6th Army Chief of Bangladesh and former Awami League politician

Nuruddin Khan is a retired three-star general of the Bangladesh Army who served as chief of army staff from June 1990 to August 1994. Khan was also the minister of energy, power and mineral resources under the first Hasina ministry in 1996.

==Early life and education==
Khan was born on 31 August 1940 to a Bengali family of Muslim Khans in the village of Katabaria in Monohardi, then in the Bengal Province of British India (now in Dhaka Division, Bangladesh).

Khan graduated from Gurudayal Government College in Kishoreganj and later finished his Bachelor of Engineering from the Ansanullah Engineering College in 1957. He also enlisted in the Pakistan Military Academy through the Inter Services Selection Board the same year.
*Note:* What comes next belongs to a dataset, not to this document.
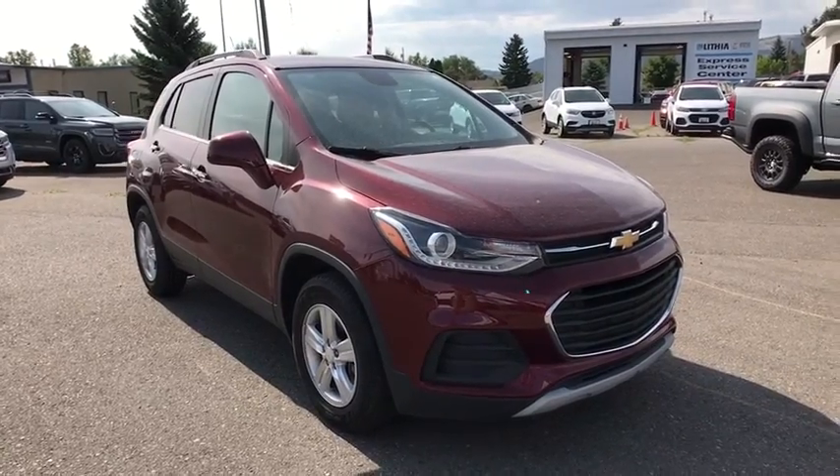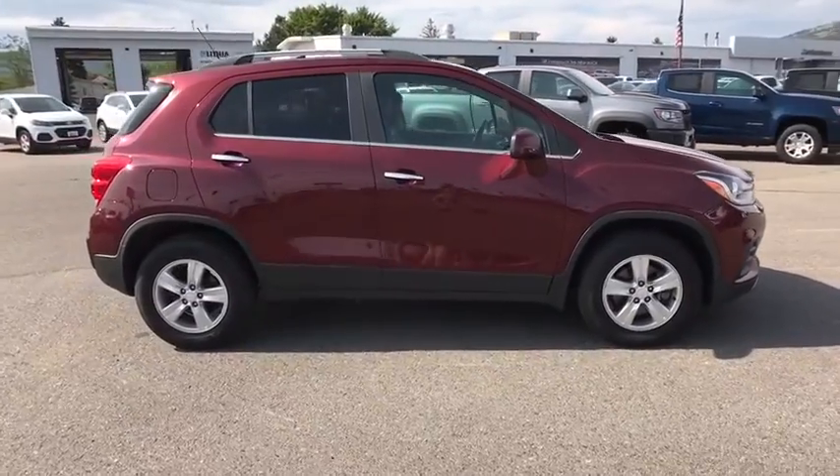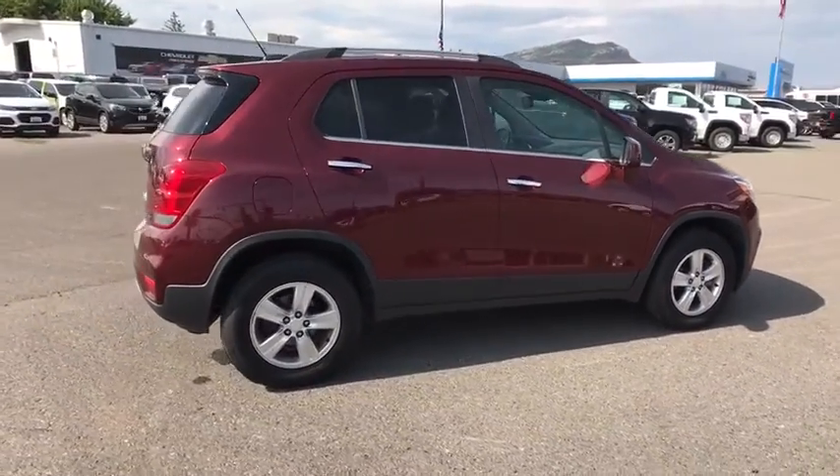Stop by and take a look at the 2017 Chevrolet Trax. The Trax is tiny on the outside, but remarkably spacious within. It comes with a clean and modern interior.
Khan was commissioned with the 20th PMA long course in the Pakistan Army Corps of Engineers on 17 October 1959. Khan completed his staff college course in 1970 from the Command and Staff College in Quetta, Pakistan.

== Military career ==

=== Pakistan ===
Khan commanded two engineers brigade company as captain and served as general staff officer (coordination) to the then general officer commanding of the 1st Armoured Division, Major General Yaqub Khan, in 1965. He was promoted to major in January 1970 and soon posted in an engineers construction battalion near Chilas. During the Bangladesh Liberation War, one of his officers, Captain Mohiuddin Jahangir, defected to join the Mukti Bahini in 1971. Khan was soon transferred to Peshawar and was detained by the Pakistan Army. He was repatriated to the Bangladesh Army in April 1972.

=== Bangladesh ===
Khan was designated as deputy adjutant and quartermaster of the 14th Independent Engineers Brigade in 1972. He was promoted to lieutenant colonel in December 1973 and served as the director of the engineer division of Dacca Municipality. Khan was upgraded to colonel in August 1974 and served as deputy commandant of the Engineer Centre and School and School of Military Engineering. Khan transferred to army headquarters in May 1975.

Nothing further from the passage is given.